RE:
Do we know the print settings that they use for the PC-CF tensioners? Should they be reprinted in 100% infill to minimize the chance of that square nut spinning?
The Printables page says "0.20mm STRUCTUAL, Filament: PETG, PC and PCCF (tested on Prusament), 15% Grid infill" for all parts. It also provides a single .bgcode file to print all PCCF parts, presumably all sliced with the same settings.
Which may be a reason why the belt tensioner pulley mounts have proven to be such a weak spot. Printing them at 100% infill instead, to prevent the nut from grinding through them, makes a lot of sense to me.
https://www.printables.com/model/1167816-core-one-printable-parts
RE: VFA Artifacts on X+Y Straight Edges
Looking at the remains of the one I had to destroy to get the seized nut and bolt out, it looks like 3 perimeters and about 20/25% grid infill.
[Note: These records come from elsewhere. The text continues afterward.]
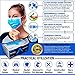 Arctiic 50 pc Surgical Earloop Disposable Medical Face Masks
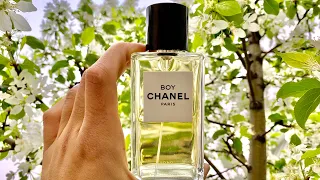 IMPRESSIONS OF BOY BY CHANEL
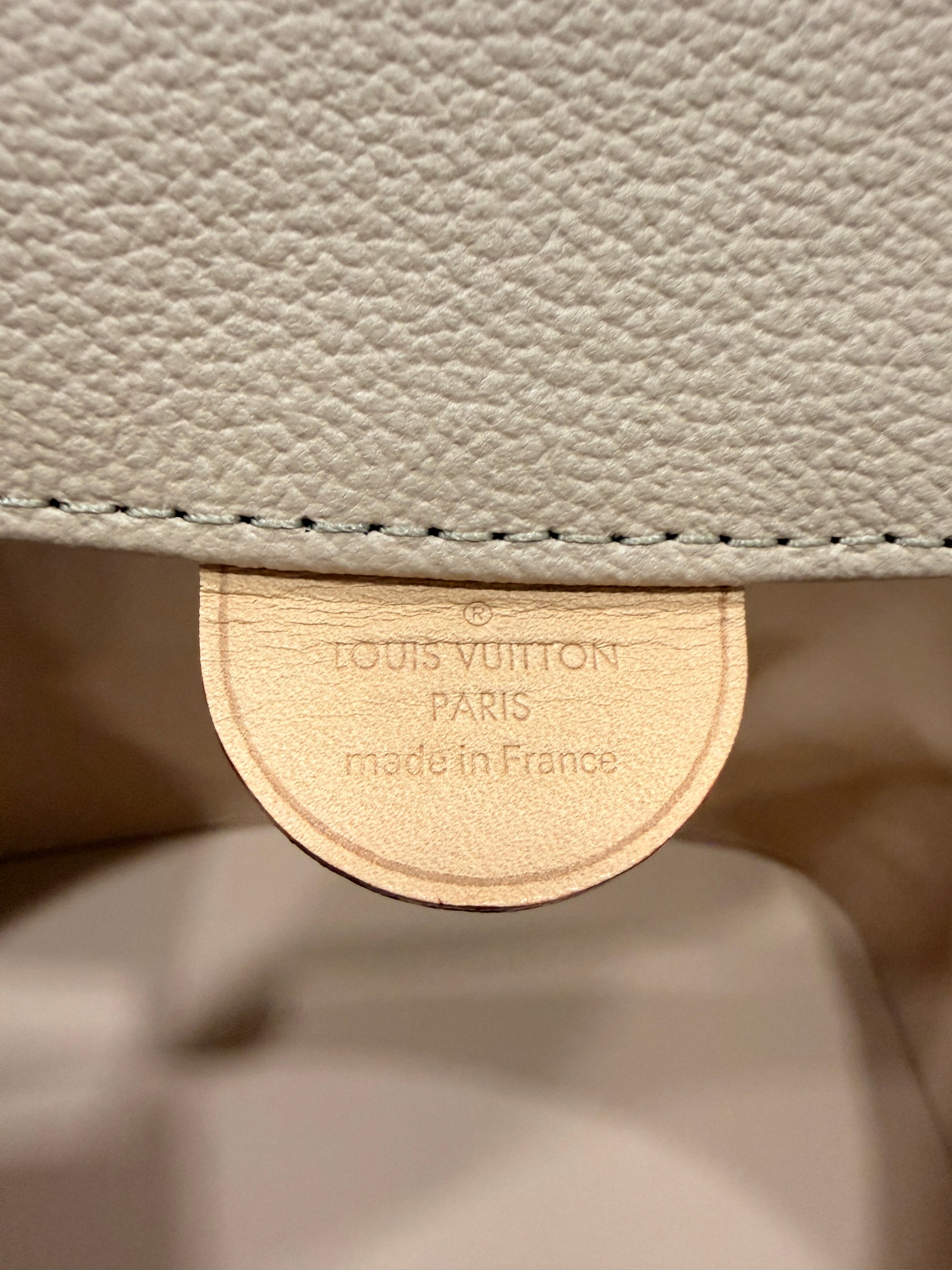 Louis Vuitton Monogram Nice Vanity Case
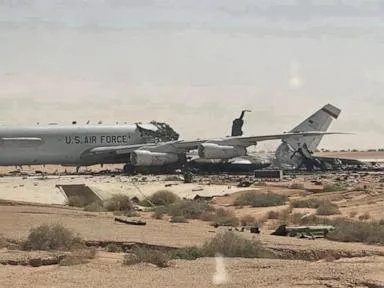 WATCH:  The cost of the war with Iran on our military
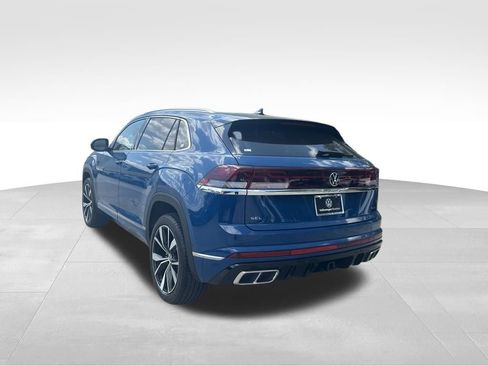 New 2026 Volkswagen Atlas Cross Sport SEL Premium R-Line AWD/4WD image 3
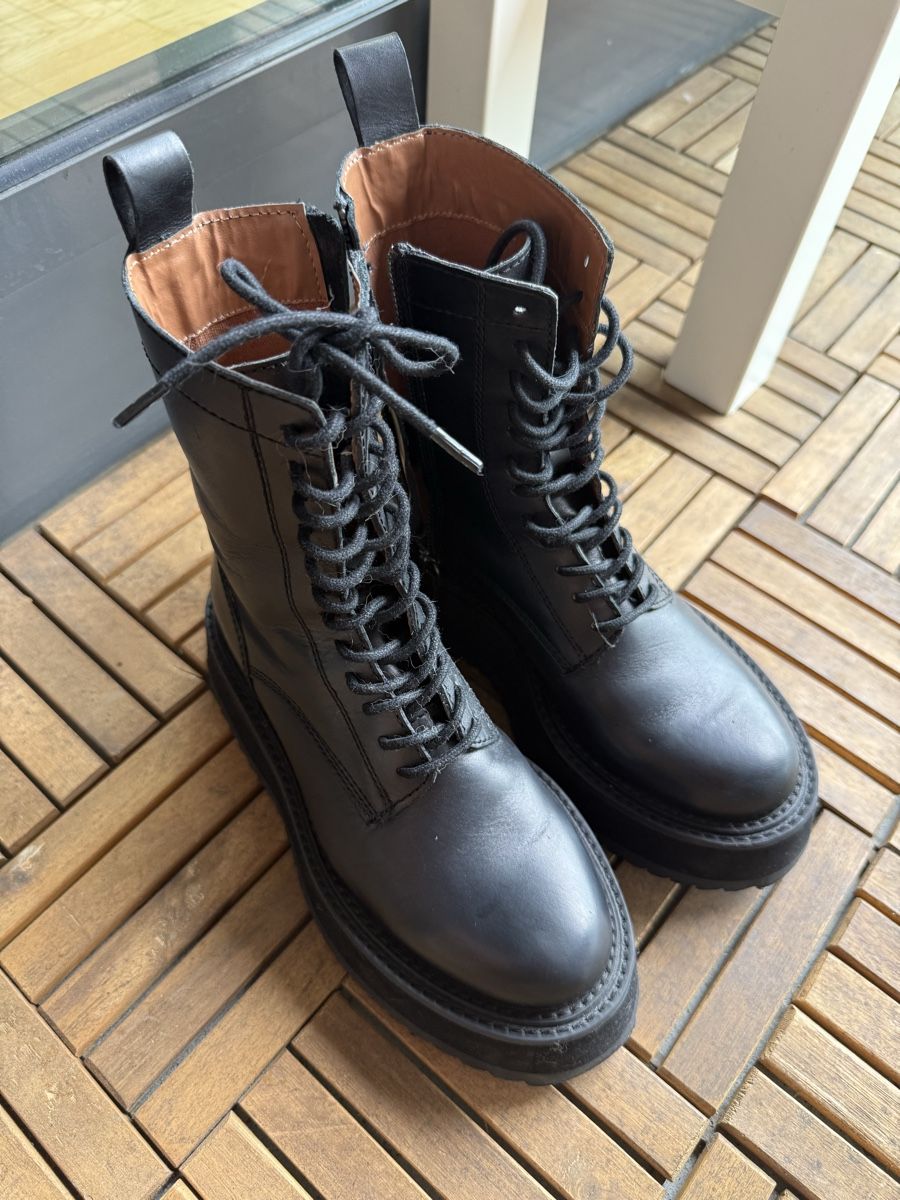 Zara Scarpe da donna: Zara Boots Gr.36 – Usato da Winterthur venduto da ivule2000 5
But there's an interesting difference between the Prusa-supplied part and the downloadable model. The downloadable model has a couple of tiny voids, either side of the nut recess, that force the slicer to put more perimeters in that location, effectively making it solid infill if you use 3 perimeters or more.
Unfortunately, I don't think this would have helped in my case. My tensioner had been working perfectly up until the point yesterday where the nut seized on the bolt - I believe it was 'galling' under the belt tension. Galling creates a very strong bond, so in my opinion no amount of plastic is going to stop the nut turning in such a case.
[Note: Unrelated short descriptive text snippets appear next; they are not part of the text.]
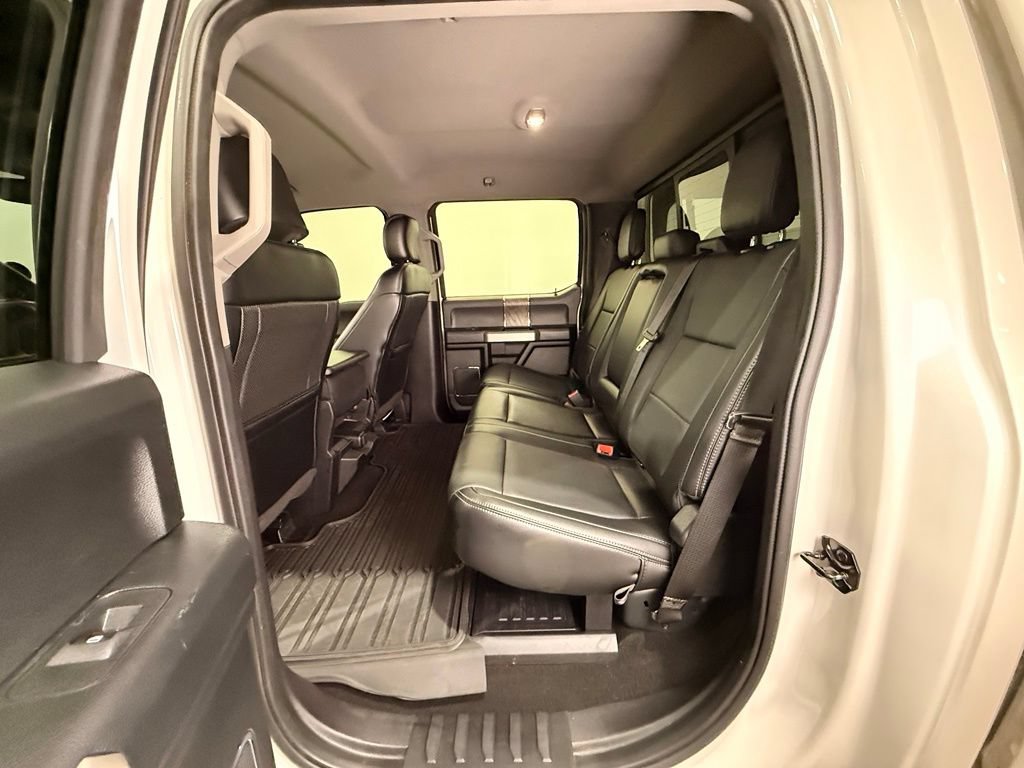 Used 2019 Ford F350 Lariat w/ Lariat Value Package AWD/4WD image 16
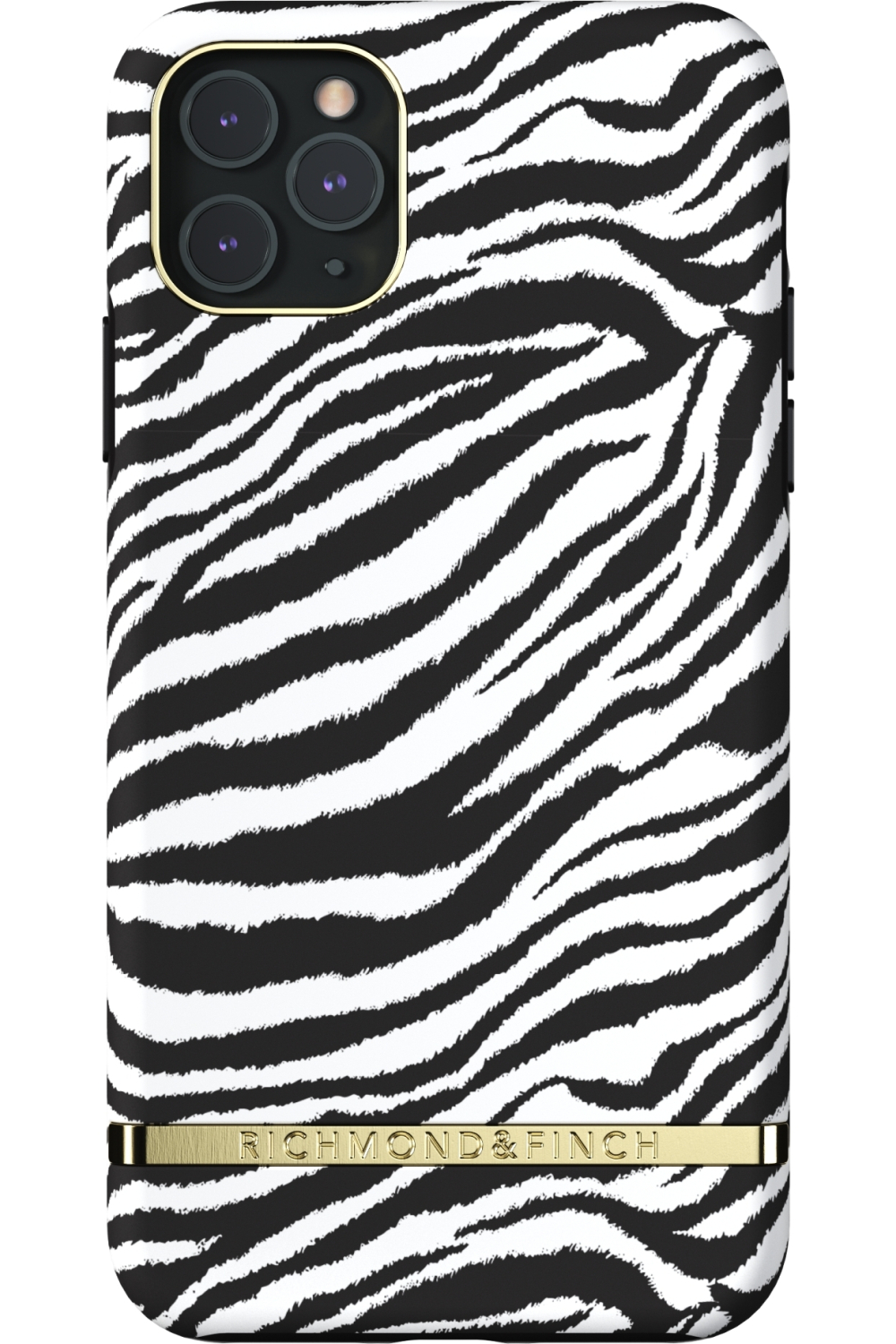 Richmond & Finch Freedom Series Apple Iphone 11 Pro Max Zebra - Afbeelding 2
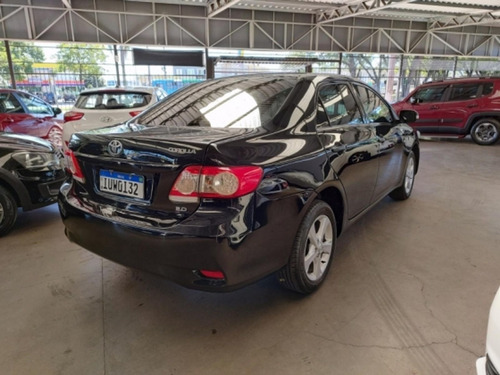 Imagem 5 de 7 de Toyota Corolla 2.0 Xei 16v Flex 4p Automático 2013/2014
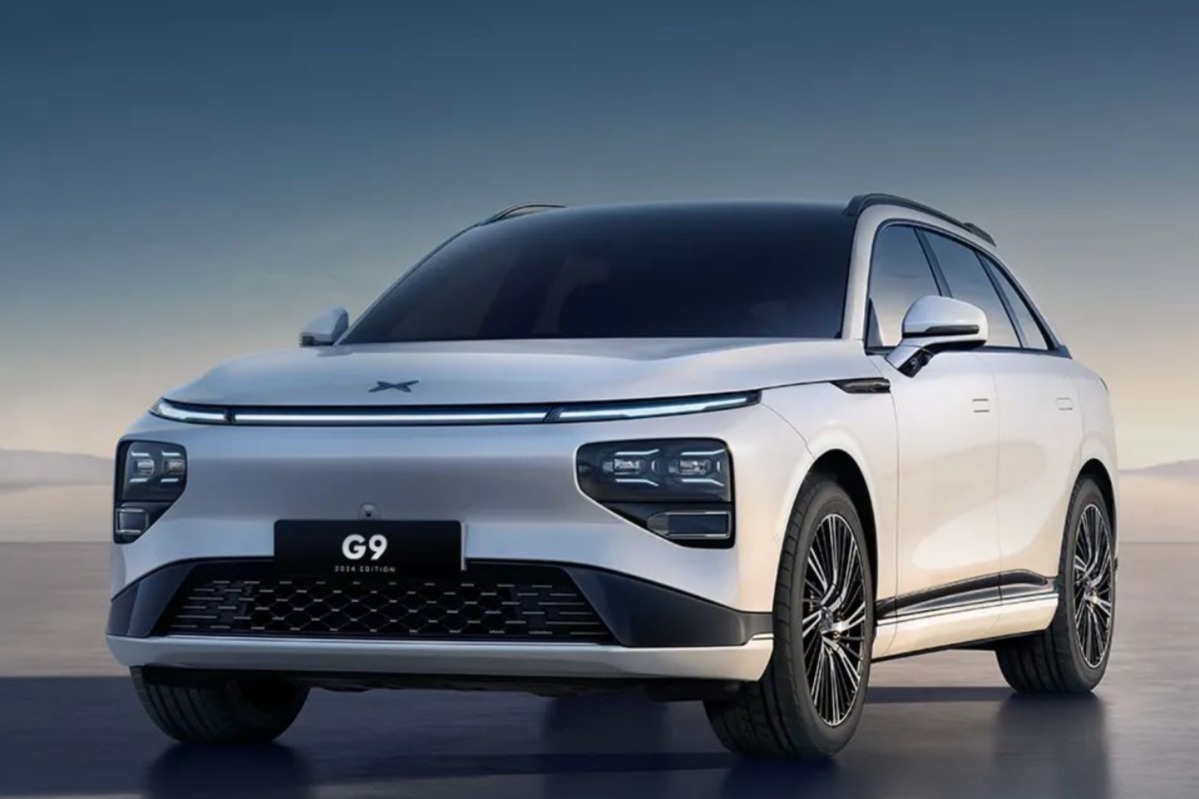 2024 款小鹏 G9 即将上市,配置精简,有望降价!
I had to remove the tensioner mount (remove the front left upright to access the screw holding the door switch in place, which otherwise blocks access to one of the three bolts). Once I had the mount free I could work on the pulley mount. In the end I had to Dremel the head off the tension screw, because even with the pulley mount removed (destructively) I was still left with the nut 'welded' to the screw, and therefore trapped in the tensioner mount. This morning I plan look into a modification to the tensioner mount that would allow the seized nut/bolt to be removed without cutting the head off.
Luckily I had a new mount already printed in Prusa PC-CF, but it was a little oversize - the nut was very difficult to insert and the part that slides in the tensioner mount was a very tight fit. It was enough to get me up and running again temporarily though. Looking at the Prusa PC-CF setting in PS it has a default extrusion multiplier of 1.04 for some reason. Reducing that to 1.0 resulted in a reprint that was a much better fit. I've also printed a couple of spares. And I've lubricated the tensioner bolt before assembly, in an attempt to prevent a repeat of the galling.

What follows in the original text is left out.